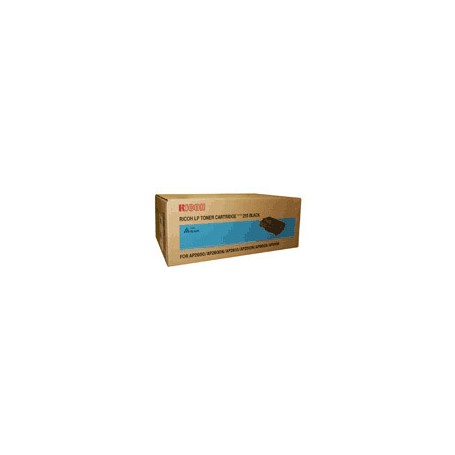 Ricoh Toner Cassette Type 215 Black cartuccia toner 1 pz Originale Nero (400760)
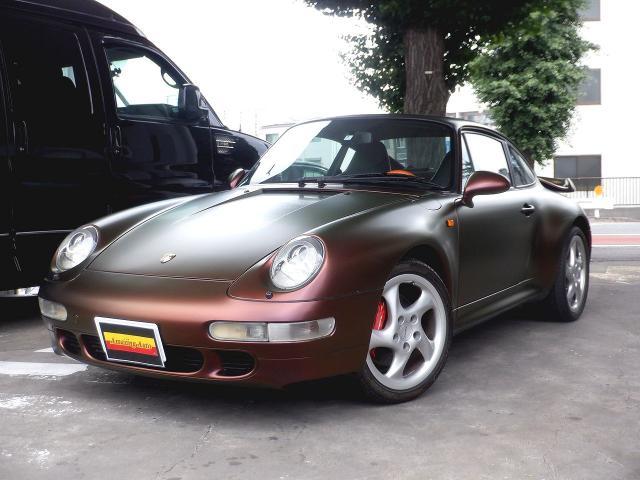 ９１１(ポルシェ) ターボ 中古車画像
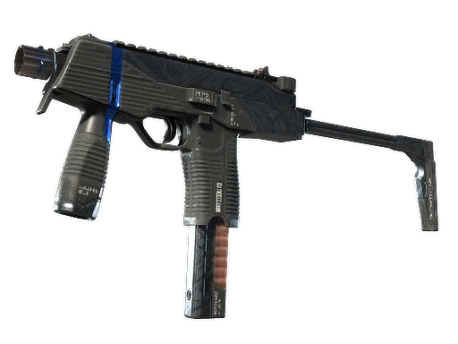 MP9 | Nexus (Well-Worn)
★ ★ ★ ★ ★
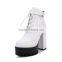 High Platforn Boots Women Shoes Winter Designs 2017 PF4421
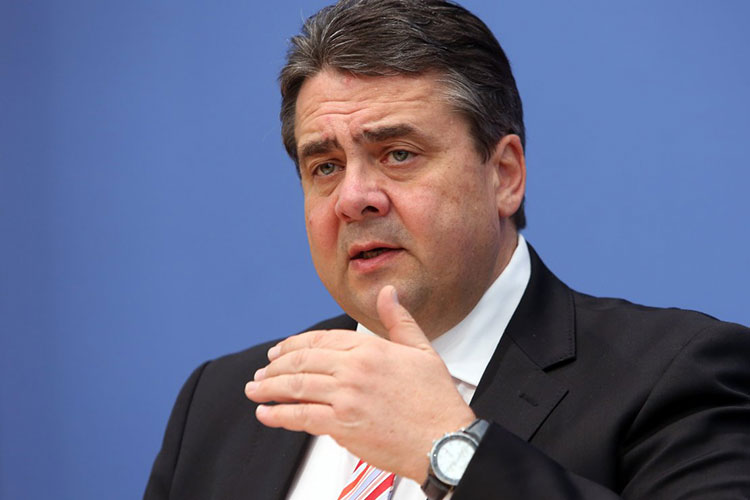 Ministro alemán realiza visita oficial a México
★ ★ ★ ★ ★
Problem to work on —
From the records above, copy exactly the lines starting at the one with "Ricoh Toner Cassette" and ending at the one with "MP9 | Nexus (Well-Worn)", and no others. Pictures stay out.

Answer to the exercise —
 Ricoh Toner Cassette Type 215 Black cartuccia toner 1 pz Originale Nero (400760)
 ９１１(ポルシェ) ターボ 中古車画像
 MP9 | Nexus (Well-Worn)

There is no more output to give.